Studio album by Mina
- Released: 15 April 1999
- Recorded: 1999
- Studio: Studi GSU, Lugano
- Genre: Pop; rock;
- Length: 45:13
- Language: Italian; English; Neapolitan;
- Label: PDU
- Producer: Massimiliano Pani

Mina chronology
| Mina Gold 2 (1999) | Olio (1999) | Mina n° 0 (2000) |

= Olio (Mina album) =

Olio is a studio album by Italian singer Mina, released on 15 April 1999 by PDU and distributed by RTI Music.
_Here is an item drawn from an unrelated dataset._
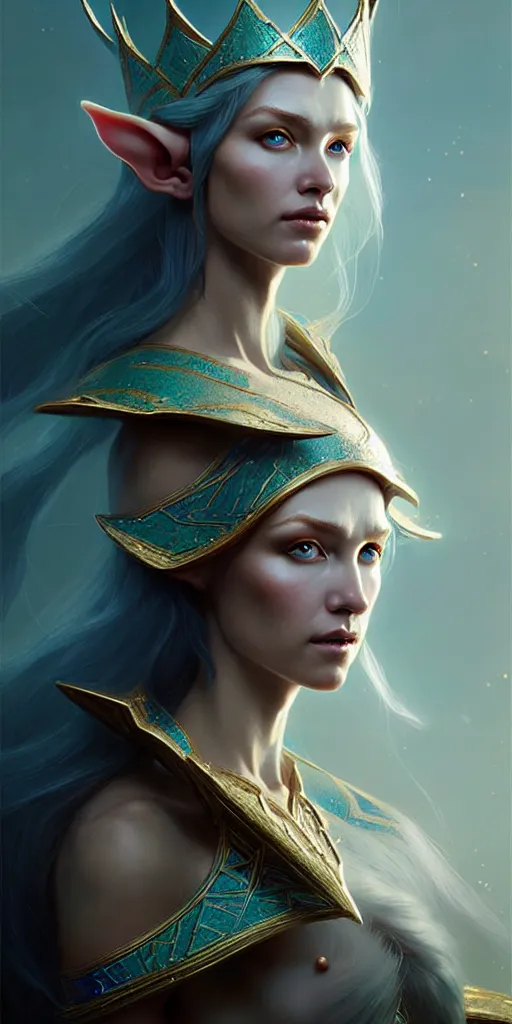 Image similar to an elf queen, digital art, highly detailed, elegant, 3 d art by serafleur and greg rutkowski, hyper realism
The album includes a bilingual version of the Shakespears Sister's song "Stay", sung as a duet with Piero Pelù. Another notable track is "Canto largo" which has been used as the opening theme of the long-running Italian soap opera Vivere.

==Track listing==

| No. | Title | Writer(s) | Length |
|---|---|---|---|
| 1. | "Grande amore" | Giulia Fasolino | 4:37 |
| 2. | "Dint' 'o viento" | Pasquale Ziccardi; Ferdinando Ghidelli; | 4:18 |
| 3. | "Come gocce" | Francesco Garzone; Luigi Pignalosa; Vincenzo Capasso; | 5:13 |
| 4. | "Canto largo" | Samuele Cerri; Massimiliano Pani; | 3:12 |
| 5. | "Non passa" | Fabrizio Berlincioni; Mauro Culotta; | 5:07 |
| 6. | "Stay with Me (Stay)" (featuring Piero Pelù) | Siobhan Fahey; Marcella Detroit; Jean Guiot; Maurizio Morante; | 4:13 |
| 7. | "Io voglio solo te" | Giulia Fasolino | 4:43 |
| 8. | "Lacreme e voce" | Marcello Schena; Nicolò Fragile; Morante; | 4:47 |
| 9. | "Il meccanismo" | Morante | 3:45 |
| 10. | "E mi manchi" | Mauro Santoro | 5:16 |
| Total length: |  |  | 45:13 |

==Personnel==
- Mina – vocal
- Massimiliano Pani – arrangement (1–7, 9, 10), backing vocals (3, 5–7, 10)
- Giulia Fasolino – backing vocals (3, 5–7)
- Moreno Ferrara – backing vocals (3, 5, 7)
- Manù Cortesi – backing vocals (3, 6, 7)
- Massimo Moriconi – double bass
- Alfredo Golino – drums (3, 5–8)
- Giorgio Secco – electric guitar (3, 10)
- Massimo Varini – guitar (1, 6)
- Paolo Gianolio – guitar (3–7, 9)
- Nicolò Fragile – keyboards, programming (1, 3, 5–7, 9, 10)
- Danilo Rea – piano (2–4, 6, 9)
- Gian Luca Ambrosetti – soprano saxophone
- Carmine Di – sound engineering, recording, mixing

Credits are adapted from the album's liner notes.

==Charts==

Initial chart performance for Olio
| Chart (1999) | Peak position |
|---|---|
| European Albums (Music & Media) | 26 |
| Italian Albums (Musica e dischi/FIMI) | 1 |

2016 chart performance for Olio
| Chart (2016) | Peak position |
|---|---|
| Italian Vinyl Albums (FIMI) | 18 |

==Certifications and sales==

Certifications for Olio
| Region | Certification | Certified units/sales |
| Italy (FIMI) | 2× Platinum | 200,000^{*} |
^{*} Sales figures based on certification alone.